But it did not work either.

Here is the image with correct normal.

.

And finally comes my question, is there a way to get my normal correct? I’m wondering if the object to world matrix is not the transform matrix of that instance?

Some other words:
There is one thing that I have noticed: the transform matrix used in optixGetObjectRayOrigin and optixGetObjectRayDirection is exactly what I want. I looked up the documentation and found that:

optixGetObjectRayDirection()
Returns the current object space ray direction based on the current transform stack.

optixGetObjectToWorldTransformMatrix(float m)
Returns the object-to-world transformation matrix resulting from the current active transformation list.

I’m wondering if the transform stack and the transformation list are two different things.

If you use an instance transform above a custom sphere primitive, then you do not need to care about the instance transform matrix inside the sphere intersection shader at all because that works in object space.

Just use `optixReportIntersection()` to return the intersection distance, a specific `hitKind` value which allows to identify that the hit was on your custom sphere primitive, and the object space normal.

Mind that the hitKind has some reserved value ranges which are used for the built-in triangle and curve primitives.
Explained for `optixGetHitKind` here:
https://raytracing-docs.nvidia.com/optix7/api/html/group__optix__device__api.html#gaea539824cff7f2f8c3109ce061eb6ffe

When using additional vertex attributes then you need to set the `OptixPipelineCompileOptions numAttributeValues` to the proper value. Default needs to be two for the triangle barycentrics. You would need three when reporting the sphere normal.

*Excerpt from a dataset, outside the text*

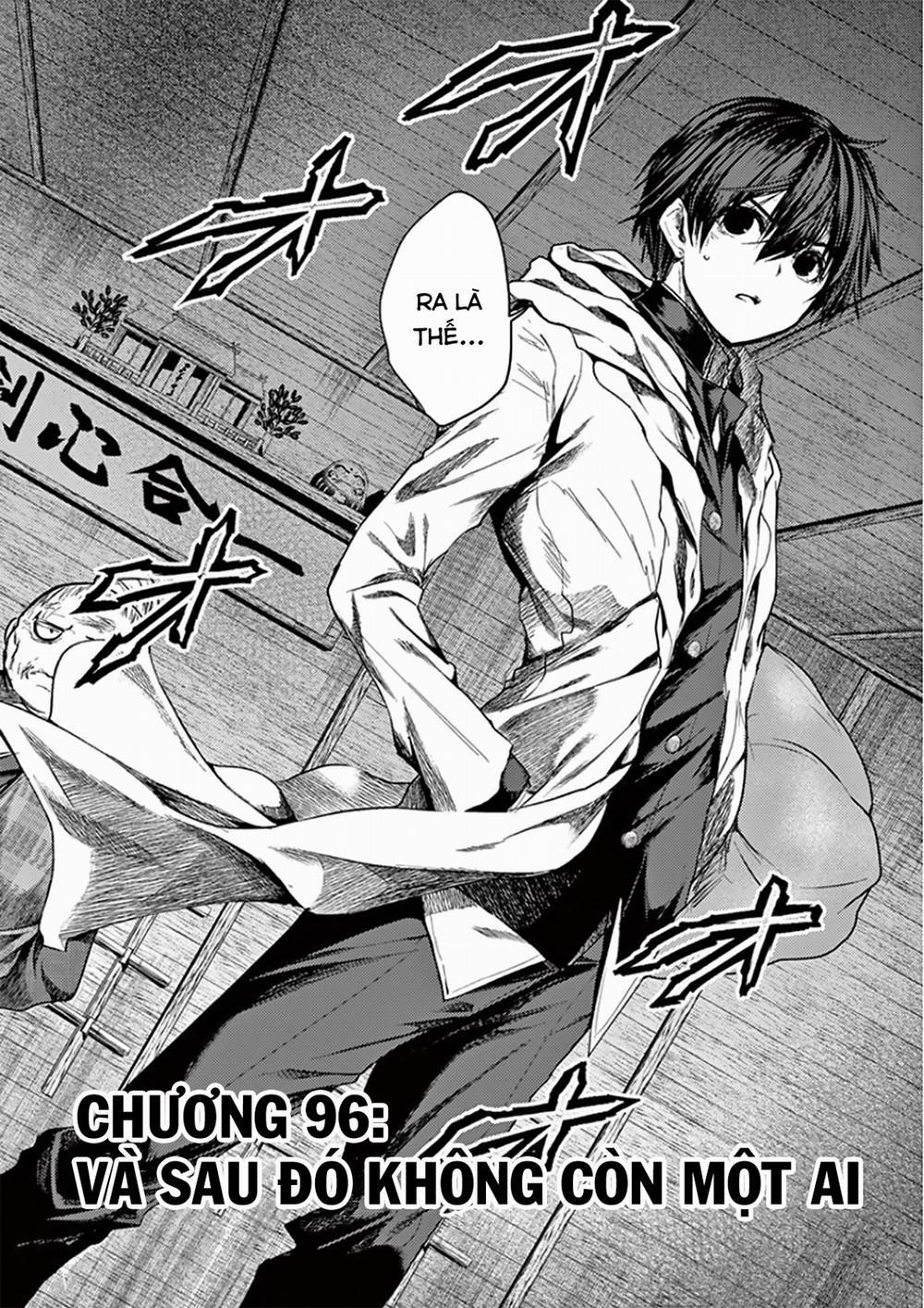 Deatte 5 Byou De Battle 96.2 trang 4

Now everything else happens inside the closesthit program(s).

If you’re using the same closesthit program for different geometric primitives, you need to use the `optixGetHitKind()` function to determine what primitive type you hit, because the vertex attribute calculation for those might be different.

Then you calculate or read your object space vertex attributes, get the current object-to-world matrix (when needed) and its inverse, the world-to-object matrix, which is used to transform the object space normals into world space.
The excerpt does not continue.